Proprio durante il lockdown del 2020 si è svolta la ricerca che apre il volume: circa duemila interviste a ragazzi delle scuole medie e superiori. I risultati non sorprendono: il 99,6% di loro possiede uno smartphone, il 98,7% ha un profilo social. Quanto a Whatsapp, il 61,6% invia e riceve più di cento messaggi al giorno. Ciononostante, però, solitudine e incertezza sono molto diffuse. “Il 60,4% degli intervistati – scrive Pira a proposito della situazione attuale – ha ammesso di avere avuto paura e scoramento”.

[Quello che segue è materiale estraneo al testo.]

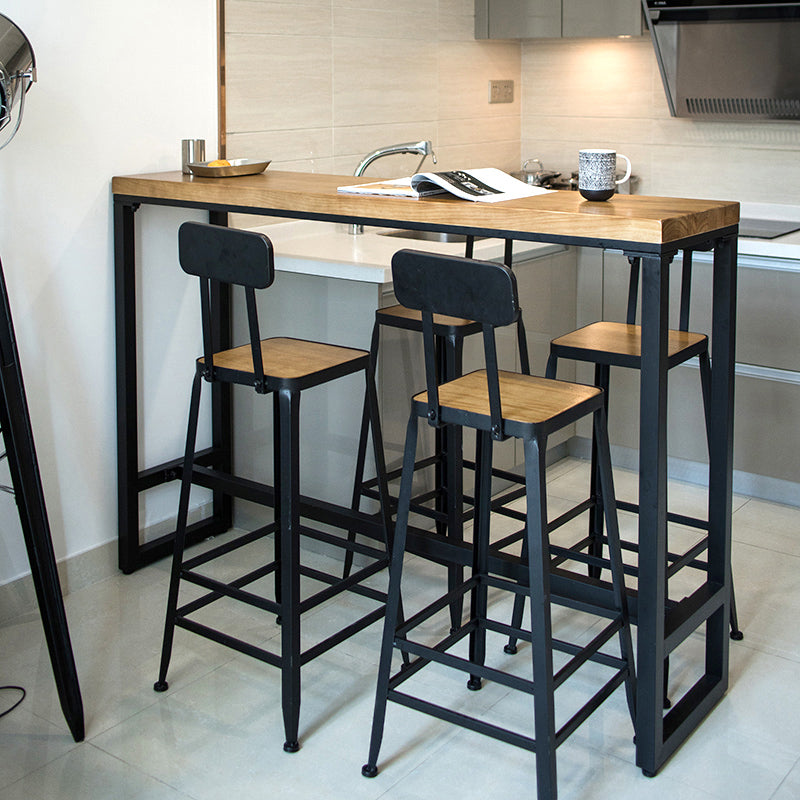 Modern Rectangle Bar Dining Table Wood Trestle Bar Height Pub Table with Iron Base 118.1"L x 15.7"W x 41.3"H Without Chairs Clearhalo 'Bar Furniture' 'Bar Tables' 'bar_tables' 'furn' 'furn_bar_tables' 'Furniture' 'furniture_bar_tables' 'Kitchen & Dining Furniture' 'kitchen&dining_furn' 'kitchen' 4335745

Alla domanda se possedessero un profilo falso su un social network, quasi i due terzi non hanno risposto. Degli altri, il 69,6% ha barrato la casella del sì. Non è difficile immaginare il motivo. Ad esempio, può servire ad eludere i controlli dei genitori. Si ha un profilo “pulito” che mamma e papà possono monitorare e uno fake che, per i loro amici, è in realtà quello vero. Come meravigliarsi, quando la Rete pullula di falsi influencer, che con qualche centinaio di dollari possono acquistare follower e like.

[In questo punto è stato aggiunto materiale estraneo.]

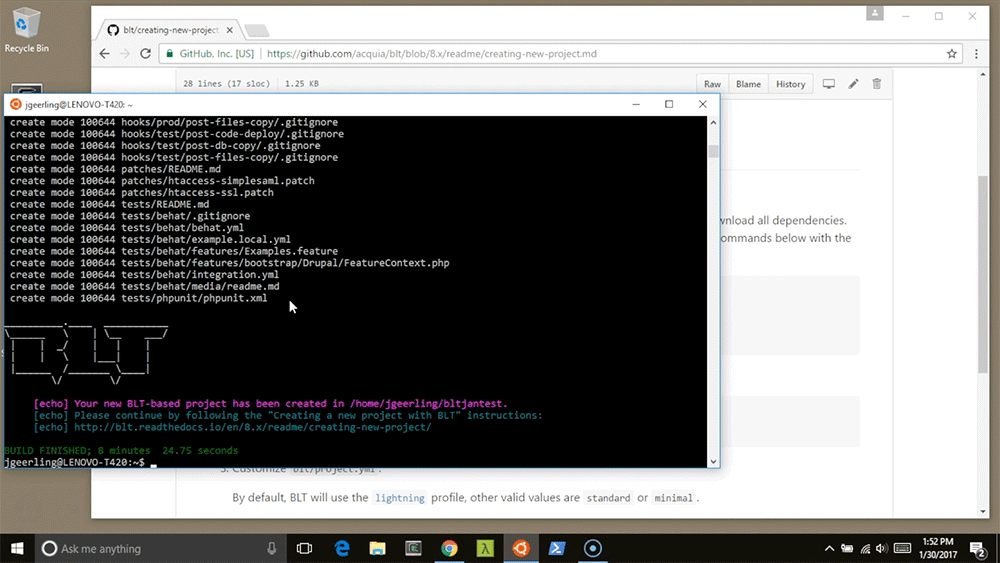 BLT - Setup complete on Windows 10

Si torna così al desiderio di mettersi in vetrina, che non di rado diventa un vero bisogno per i giovanissimi: essere costantemente esposti allo sguardo altrui rivela la continua rincorsa al consenso e all’approvazione, restituendo la sensazione (l’illusione?) di quella fiducia e accettazione che probabilmente non si trova in altro modo.